There are other connections as well. Lawyer Elizaveta Berezina
is simultaneously a partner
in Igor’s Moscow law firm
and is taking part in bidding for a salt
deposit in Artem’s interests.
She is in fact the founder
of Galit LLC,
which provided fictitious
competition in the tender for
the Vorobyovskoye deposit. Artem’s company
in Switzerland, until June of this year,
belonged specifically to Igor.
Before that, the brothers’ lawyers worked with the son
of the former head of administration of the Prosecutor General’s Office
Nazir Khapsirokov.
To businessman Ponomaryov
Igor registers his stakes
in a construction company.
That same Ponomaryov transferred ships
out of the Verkhnelensk Shipping Company for Artem’s benefit.
As a result, Igor turns out to be part
of a huge system that involves
the entire leadership of the prosecutor’s office.
For example, prosecutors in Kaluga Region
helped Artem gain control
over salt deposits.
Prosecutors in Irkutsk Region helped seize the shipping company.

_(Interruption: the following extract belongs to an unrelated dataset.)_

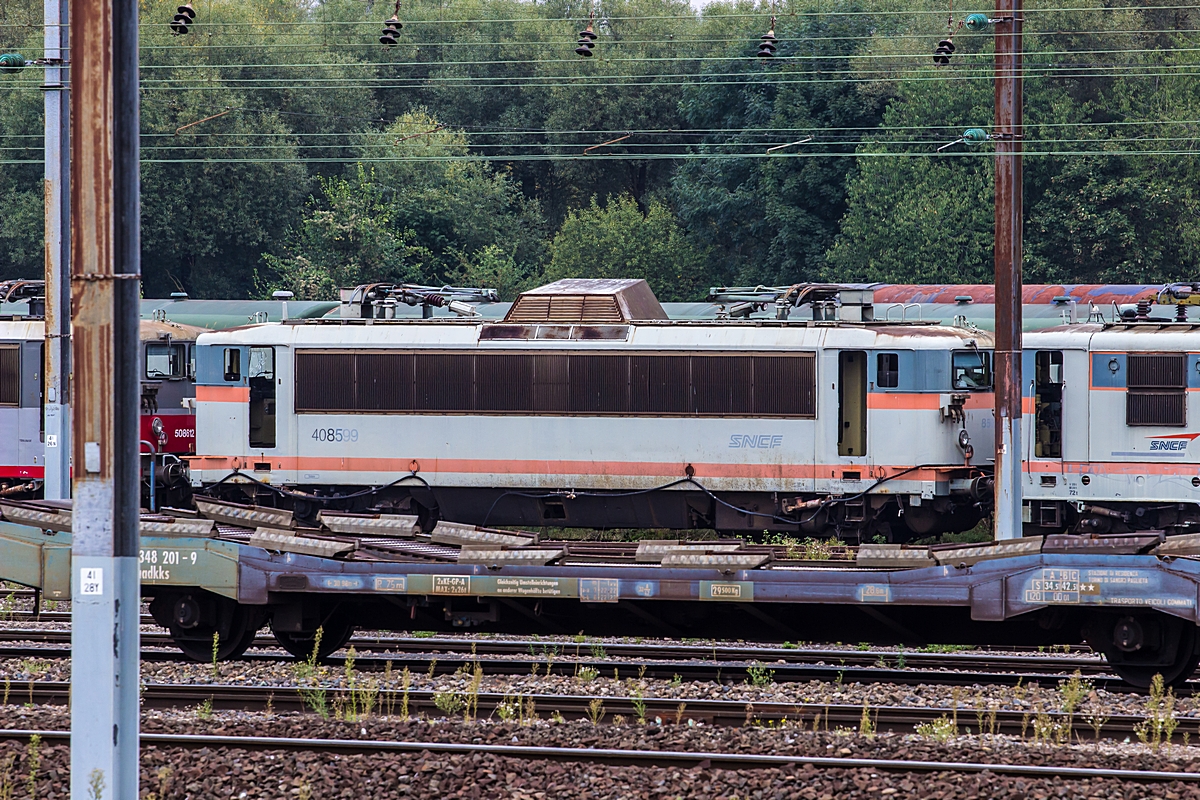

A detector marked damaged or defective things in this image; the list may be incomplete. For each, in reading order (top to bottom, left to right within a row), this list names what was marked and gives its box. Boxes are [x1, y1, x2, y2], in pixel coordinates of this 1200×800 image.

Together with the Lopatin family, Chaika runs
business in Greece; through the Lopatins, Chaika
is connected to the Tsapok gang in Krasnodar Krai,
where the prosecutor is a protégé
of Albina Kovalyova — Leonid Korzhinek.
Her protégés also safeguard the family’s interests
in Tomsk, Irkutsk, Murmansk, and other regions.
Witnesses say
that, using his connections, Artem flies
around the country and tells regional
prosecutors which criminal cases
to open and which to close.
— We have gone beyond the bounds of our usual
anti-corruption investigation,
because this is not just corruption,
there is robbery, murder, racketeering.
This system is beyond punishment, because it was
built by those who are supposed to punish.
So many people are involved in it
that the country’s top leadership
of course knows what is happening,
and there is such a thick file of kompromat (compromising material) on
Yury Yakovlevich Chaika that he is
completely controllable.
He does whatever he is told.
That is exactly what he is there for.